Suppose, however, that there exists a third variable Z. The variable Z has two states, “even” and “odd,” perfectly correlated to the evenness or oddness of (X,Y). In fact, we’ll suppose that Z is just the question “Are X and Y even or odd?”
If we have no evidence about X and Y, then Z itself necessarily has 1 bit of entropy on the information given. There is 1 bit of mutual information between Z and X, and 1 bit of mutual information between Z and Y. And, as previously noted, 1 bit of mutual information between X and Y. So how much entropy for the whole system (X,Y,Z)? You might naively expect that
H(X,Y,Z) = H(X) + H(Y) + H(Z) − I(X;Z) − I(Z;Y) − I(X;Y) ,
but this turns out not to be the case.
The joint system (X,Y,Z) only has 16 possible states—since Z is just the question “Are X and Y even or odd?”—so H(X,Y,Z) = 4 bits. But if you calculate the formula just given, you get
(3 + 2 + 1 − 1 − 1 − 1) bits = 3 bits = Wrong!

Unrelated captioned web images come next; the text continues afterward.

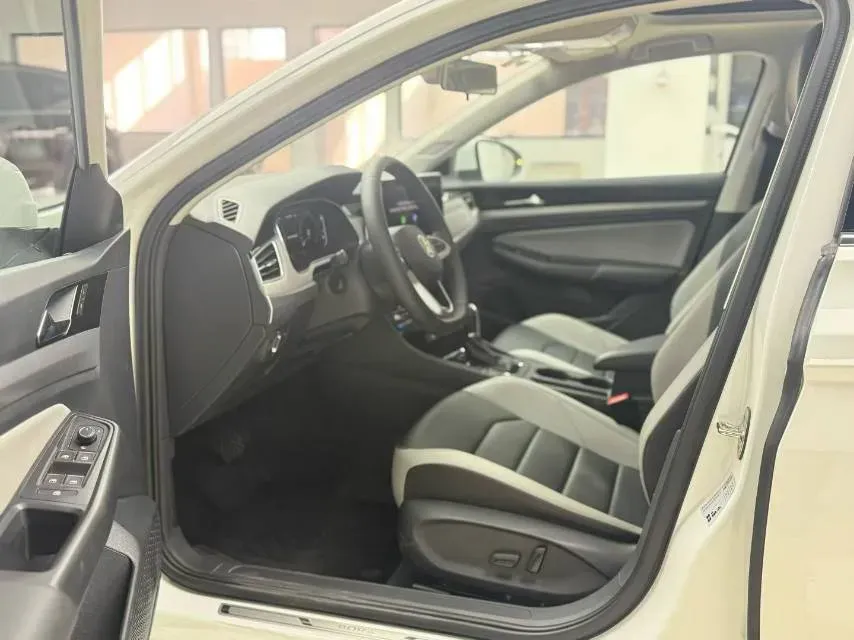 2025 Volkswagen Bora 1.5T 160HP L4 7DCT,autocango,china used car exporter,china ev exporter,chinese used car exporter,chinese used ev exporter
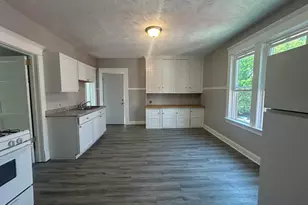 1421 Charles St, Rockford, IL 61104 - Photo 11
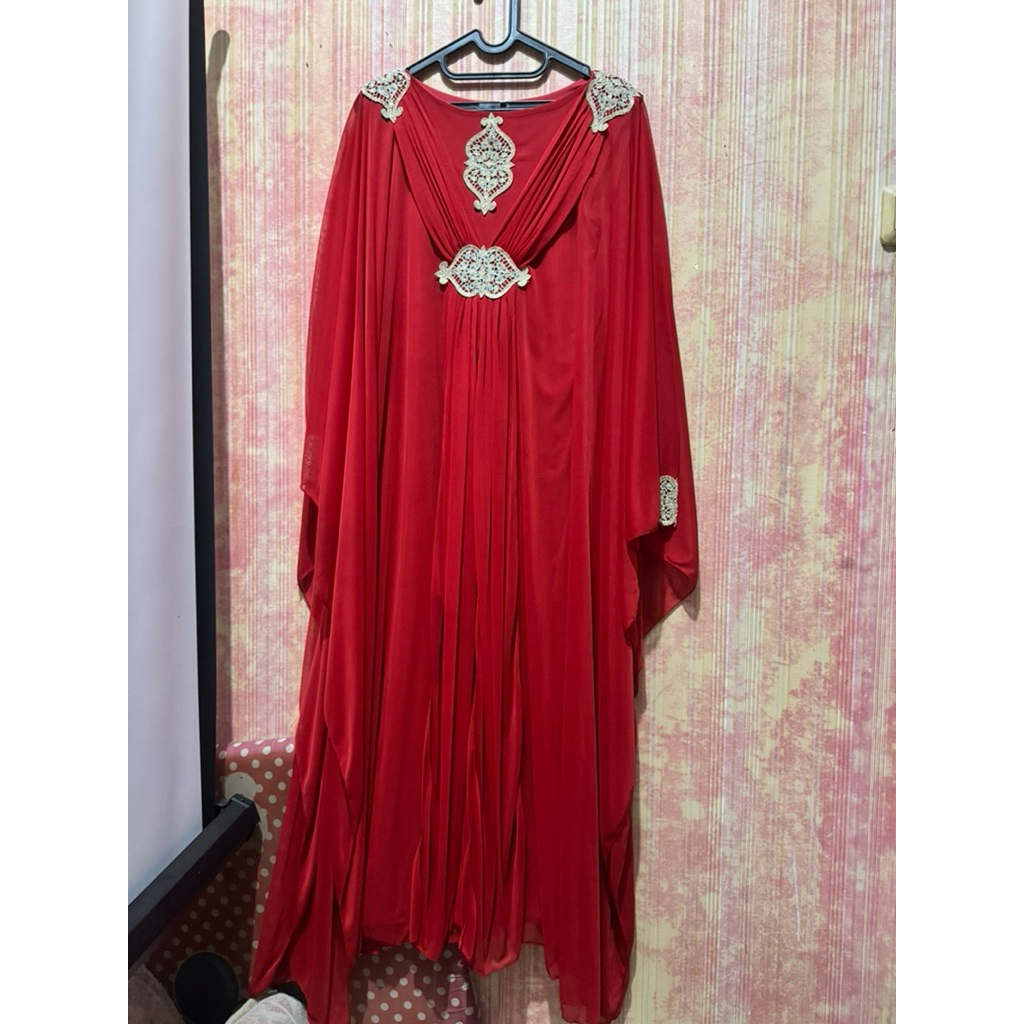 red kaftan baju pesta lebaran merah motif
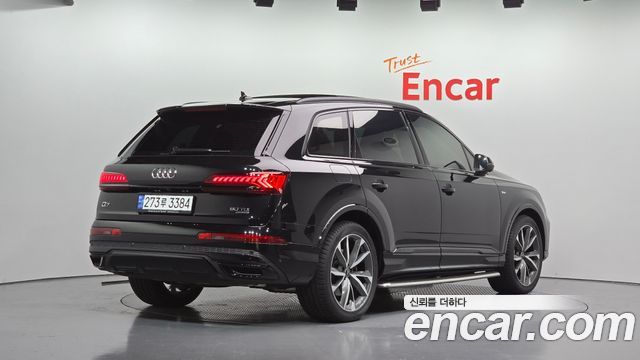 Audi Q7 50 TDI Quattro Premium — пробег 11 758 км — фото 2 из 5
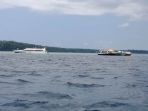 kapal-pariwisata_20181009_190506.jpg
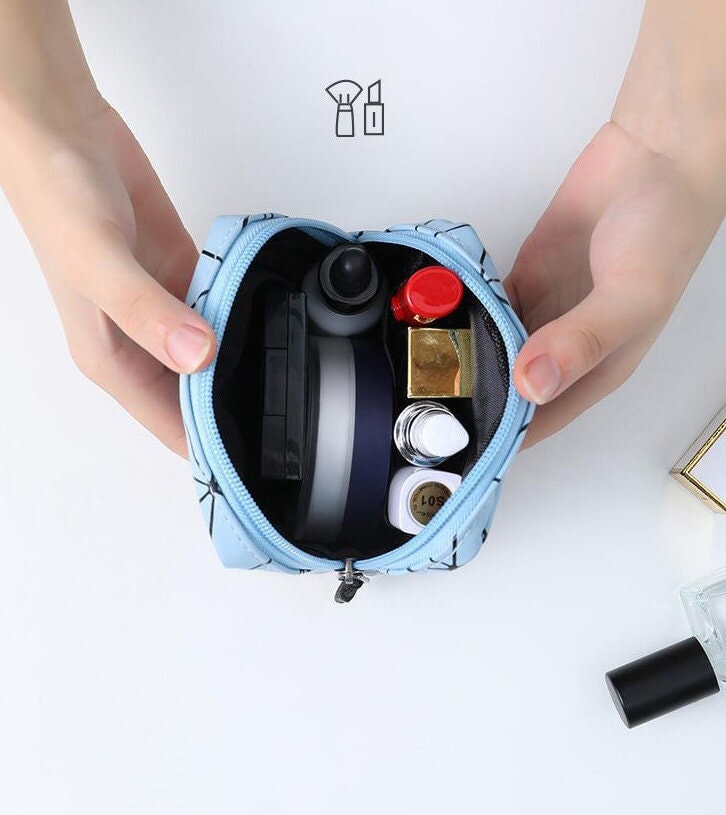 Stash Bag Make-Up Toiletry Pouch Waterproof Cosmetic Bag with Zipper Travel Packing Small Cosmetic Bag Accessory Organizer CO/B\HA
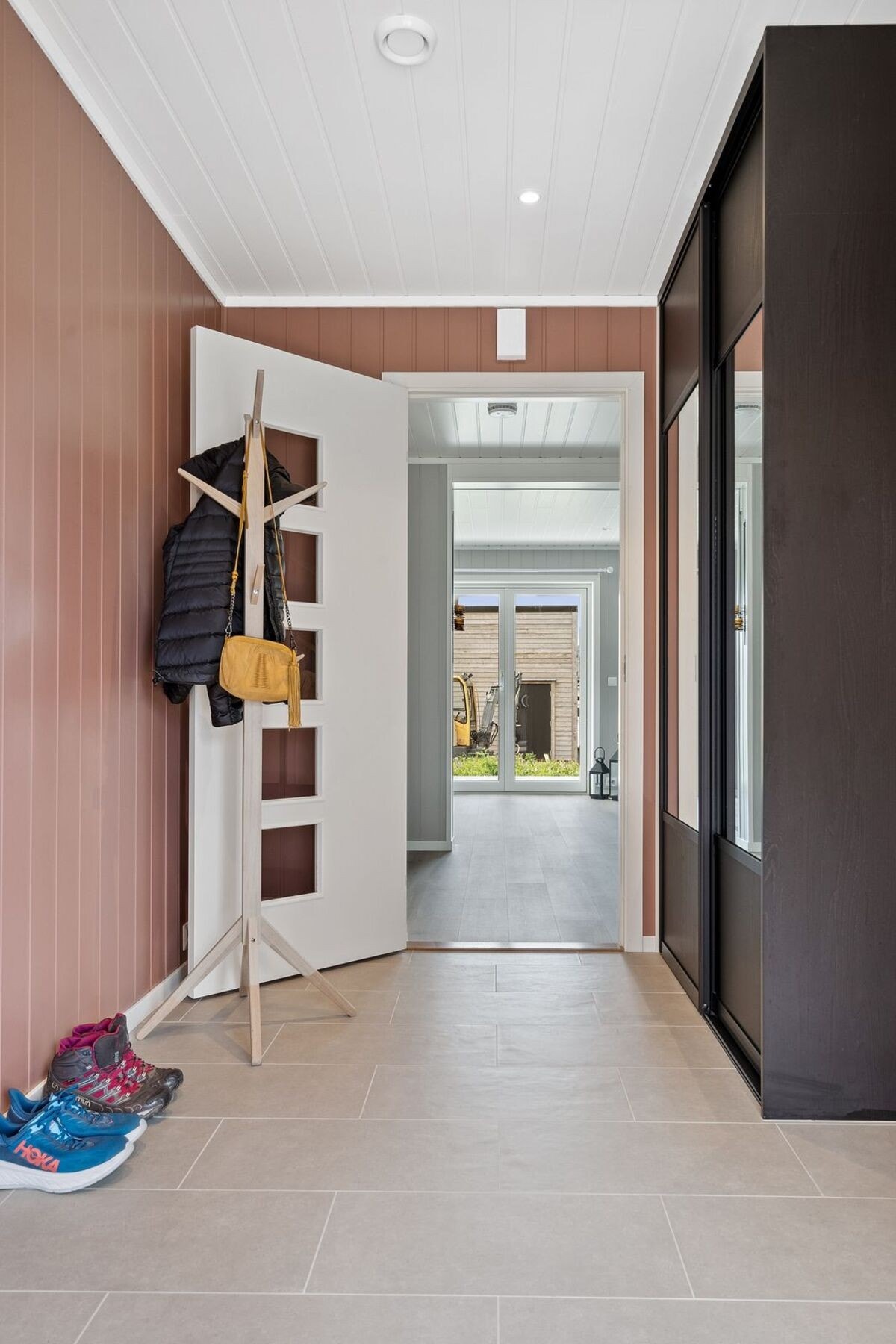 Velkommen inn i denne flotte eneboligen! Først kommer vi inn i entré med praktisk skyvedørsgarderobe. Galleribilde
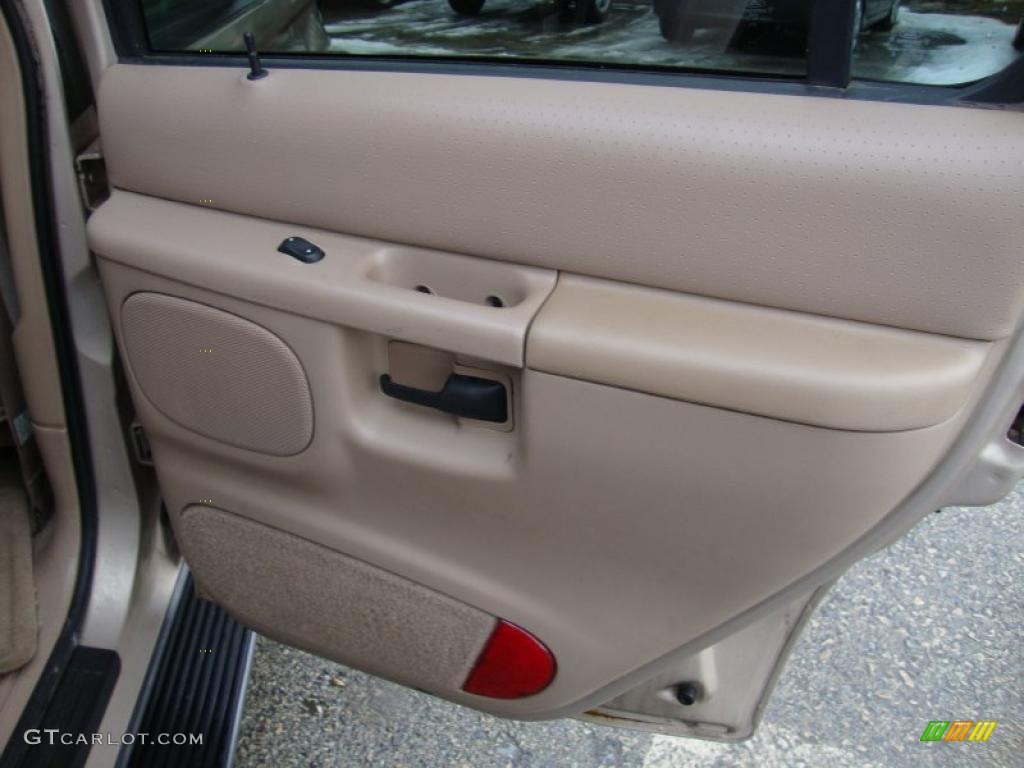 1998 Ford Explorer XLT 4x4 Medium Prairie Tan Door Panel Photo #43370528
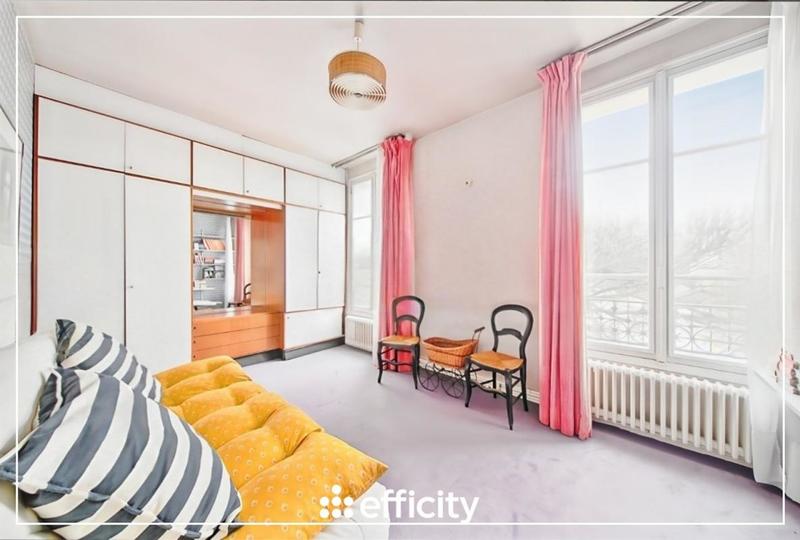 Maison bourgeoise - 261 m² - 13 pièces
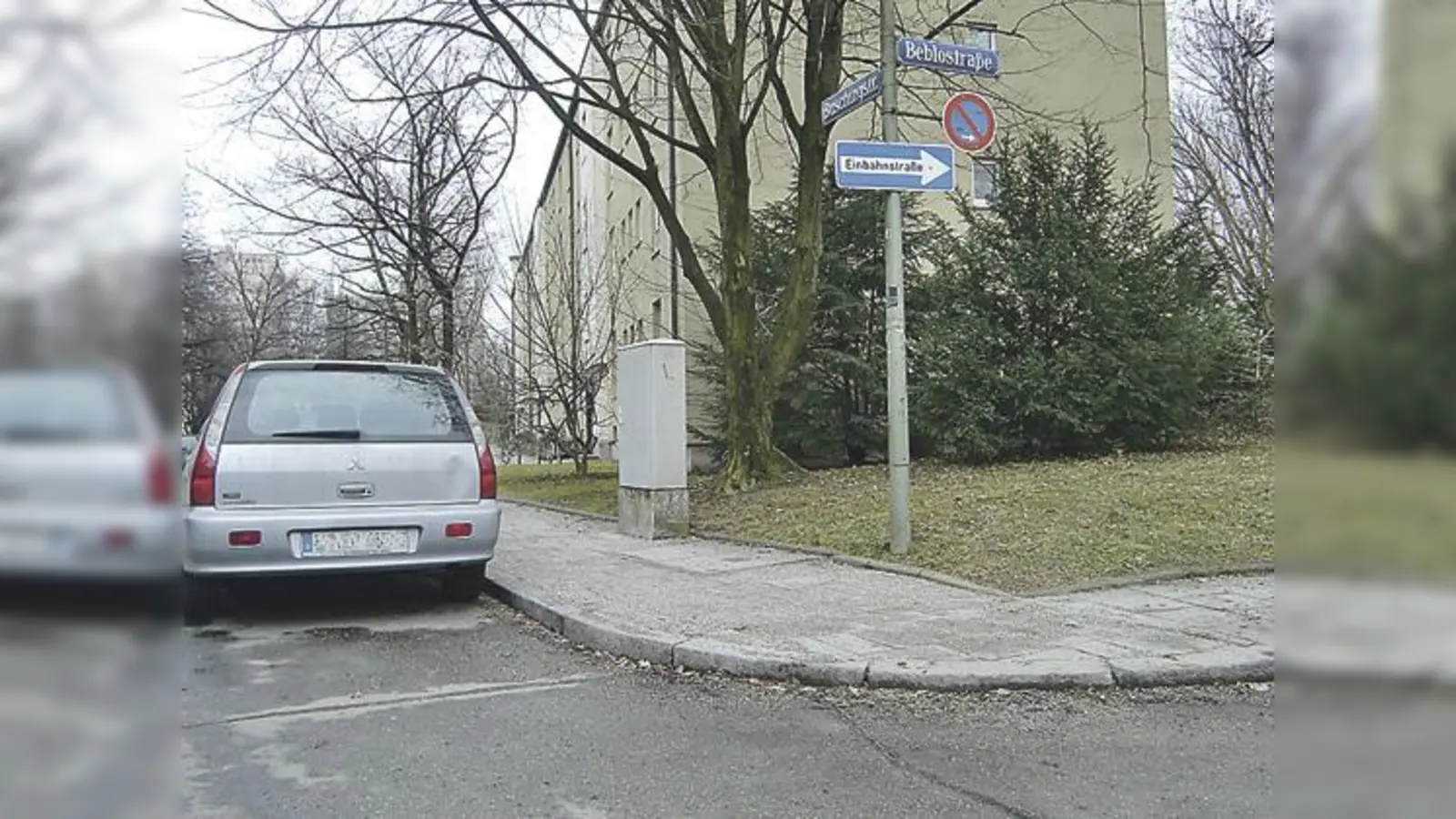 Die Bordsteine an der Busching-/ Ecke Beblostraße werden für Rollstuhlfahrer auf drei Zentimeter Höhe abgesenkt.   (Foto: ikb)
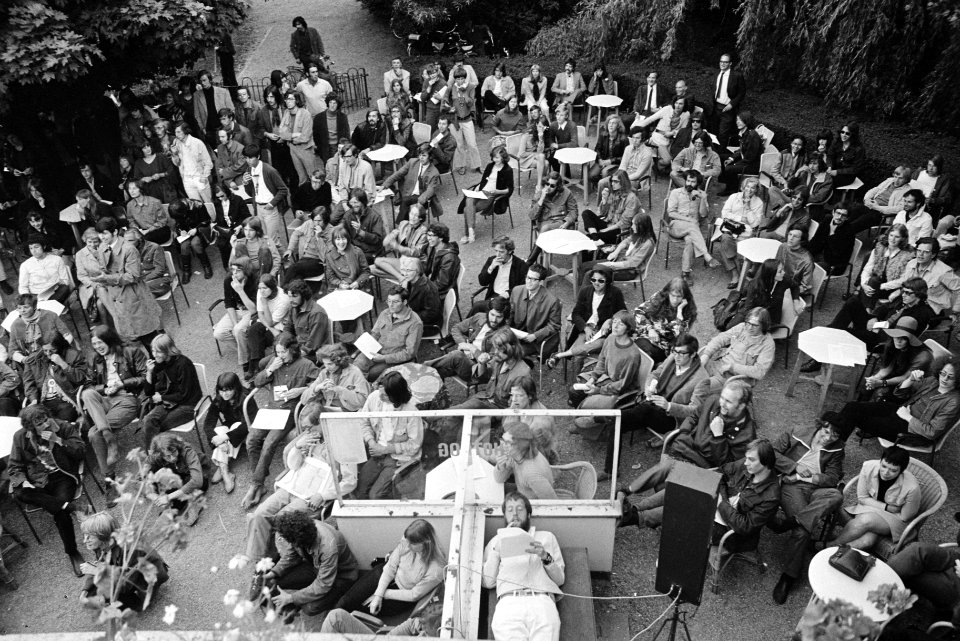 Kabouters hielden vergadering in Vondelpark overzicht, Bestanddeelnr 923-5729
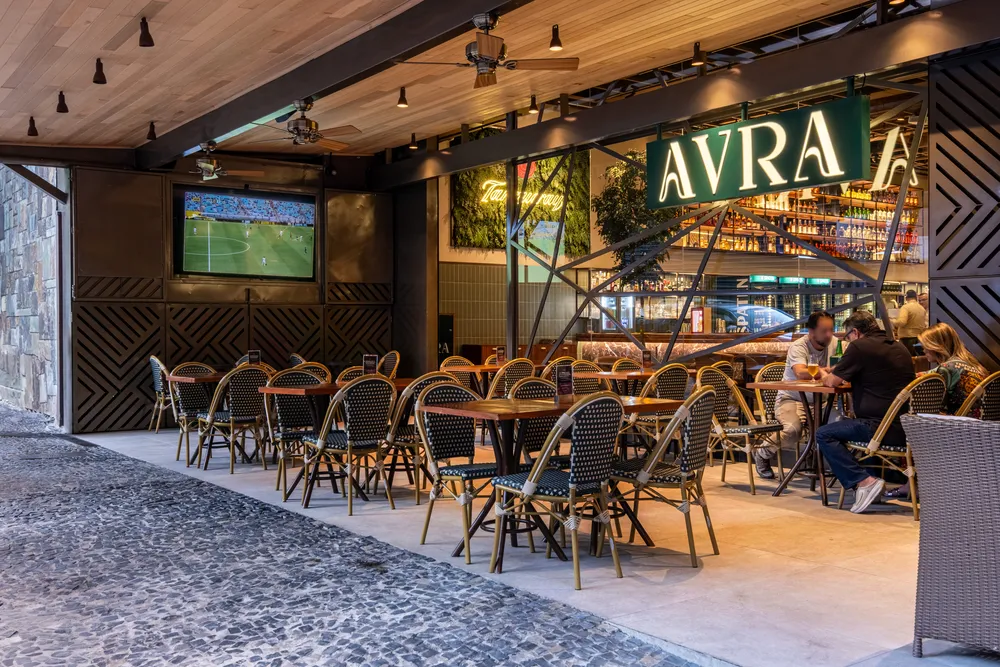 Obra comercial do bar Avra, APTAR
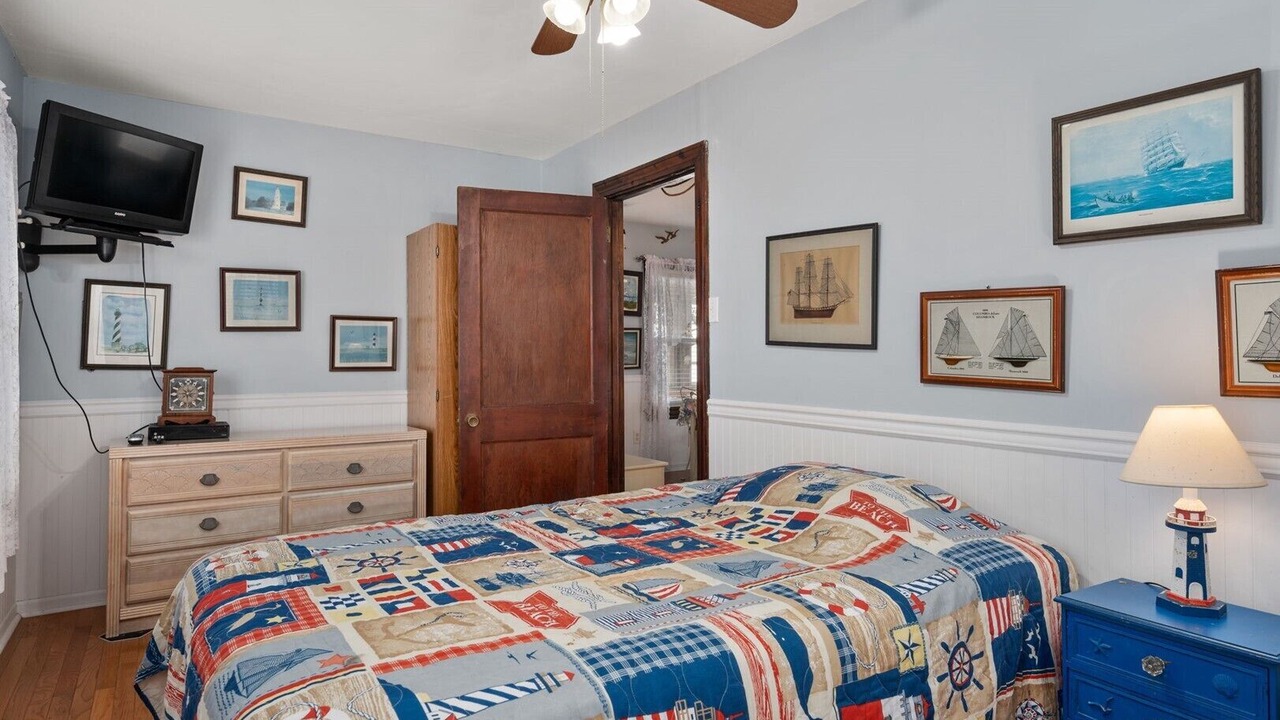 Photo of Bedroom in Nags Head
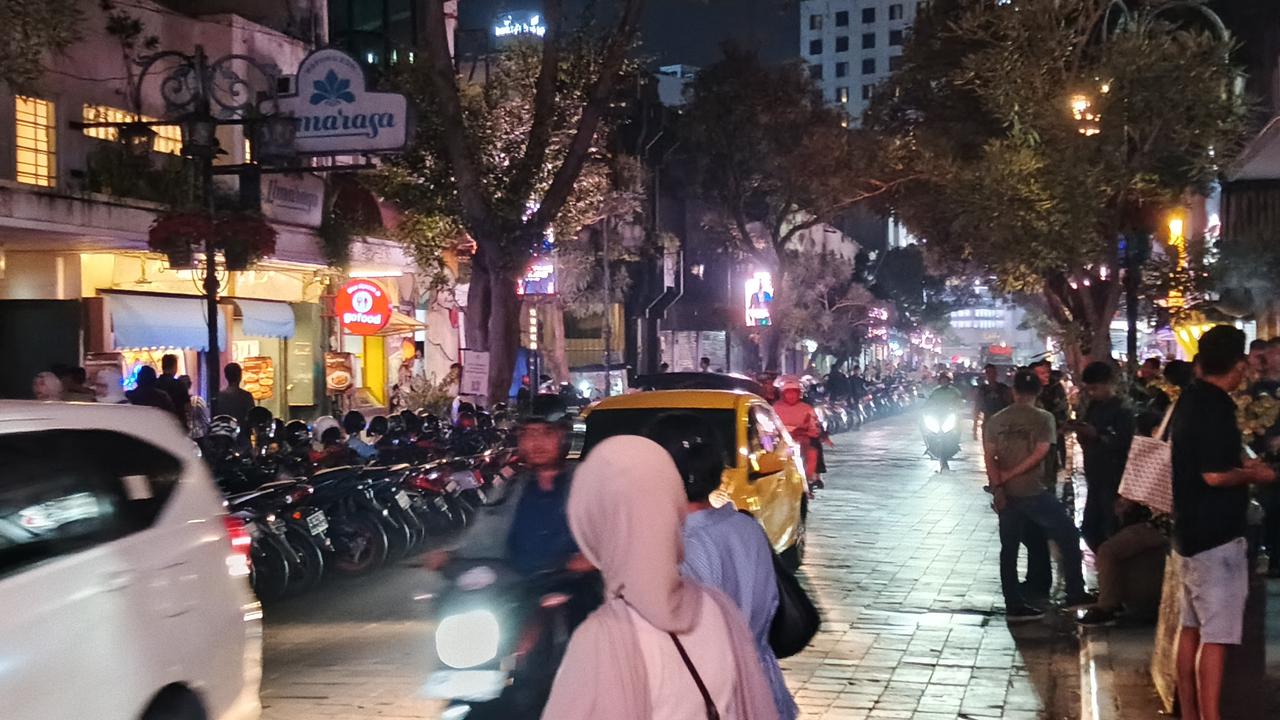 Jam malam di Kota Bandung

Why? Because if you have the mutual information between X and Z, and the mutual information between Z and Y, that may include some of the same mutual information that we’ll calculate exists between X and Y. In this case, for example, knowing that X is even tells us that Z is even, and knowing that Z is even tells us that Y is even, but this is the same information that X would tell us about Y. We double-counted some of our knowledge, and so came up with too little entropy.
The correct formula is (I believe):
H(X,Y,Z) = H(X) + H(Y) + H(Z) − I(X;Z) − I(Z;Y) − I(X;Y|Z).
Here the last term, I(X;Y|Z), means, “the information that X tells us about Y, given that we already know Z.” In this case, X doesn’t tell us anything about Y, given that we already know Z, so the term comes out as zero—and the equation gives the correct answer. There, isn’t that nice?
“No,” you correctly reply, “for you have not told me how to calculate I(X;Y|Z), only given me a verbal argument that it ought to be zero.”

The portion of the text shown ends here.